Supporting Those Who Served

Those of us wishing to do more to support veterans can look to the charity Help for Heroes, which aims to secure better facilities for British servicemen and women who have been injured while serving their country. Help for Heroes has been campaigning and raising funds for over ten years and is now one of the best loved and supported charities in the UK, backed by the Ministry of Defence and Britain’s biggest newspapers. As well as running four recovery centres for wounded personnel and providing direct financial support for veterans and their families, Help for Heroes also works with other charities and organises fundraising activities.

Multiple Operations

The British Army is currently involved in numerous operations worldwide, protecting the interests of the UK and the free world with a range of deployments that cover anti-terrorism efforts, humanitarian aid, peacekeeping missions, and combating the international drug trade that has blighted so many lives. It is currently active in Europe, Africa, the Middle East, Indonesia and America, and maintains a strong strategic presence in both Cyprus and Gibraltar.

Operations include assisting in the transition process in Afghanistan, where British troops are advising Afghan forces, and assisting African states in combating terrorism, human rights violations, humanitarian crises and wildlife poaching, as well as undertaking peacekeeping missions in South Sudan and Somalia.
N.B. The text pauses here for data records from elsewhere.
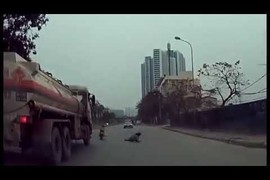 Video: Vừa lái xe vừa dùng điện thoại, thanh niên "hạ cánh" ngay trước gầm ô tô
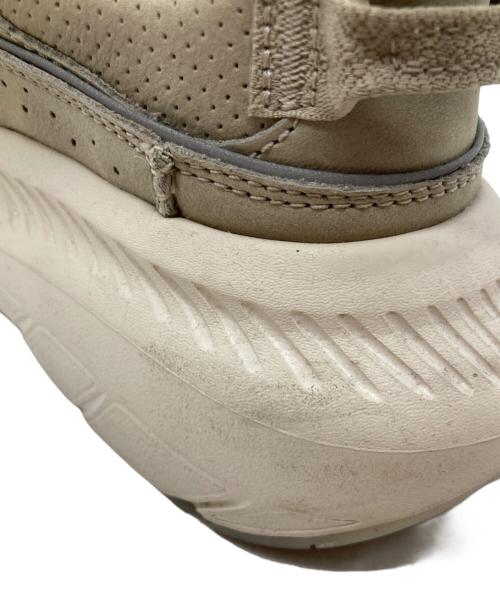 UGG（アグ）UGG (アグ) CA805 V2 NUBUCK 1127111 ベージュ サイズ:23cmの古着・服飾アイテム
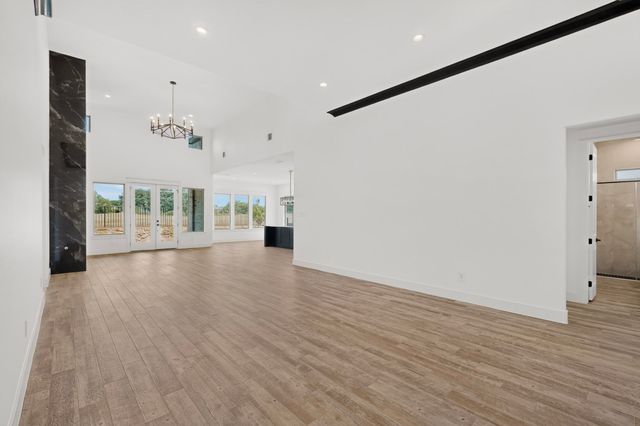 977 Bandon Dunes Drive, Fort Worth, TX 76028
Britain also maintains an advisory and support position in Iraq, where it is part of a 67-member global coalition committed to defeating Daesh forces. Closer to home, around 800 British troops are part of NATO’s Enhanced Forward Presence in the Baltic states, strengthening Euro-Atlantic security against possible Russian aggression.      

Visible Presence

Pride in Britain’s armed forces has increased in the UK in recent years, as uniformed troops are more commonly seen in peacetime roles in their home country. The army’s role in organising the 2012 Olympic Games increased the peacetime profile of the services, and soldiers have also been deployed to help secure flood defences and organise evacuation procedures in Britain’s flood-hit communities over the last decade.

Of course, the ever-present threat of terrorism has also increased public awareness of the vital role that the armed forces play, with military intelligence and bomb disposal squads being deployed at home as UK troops tackle the causes of terrorism worldwide.

We have also seen how Britain’s armed forces are ready to step in at a moment’s notice to aid in disaster relief around the world, such as helping with humanitarian efforts in the Caribbean following the devastation caused by Hurricane Irma.

While Britain’s armed forces are always ready to defend, their wider role involves making the world a safer place and preventing conflict before it happens. Their essential support in disaster situations alone, both in the UK and elsewhere, should make them a source of pride for British people living at home and abroad. Add to that their continued role as peacekeepers and defenders of the British people, ever-ready to make the ultimate sacrifice, and it is clear why Britain’s pride in its armed forces will never diminish.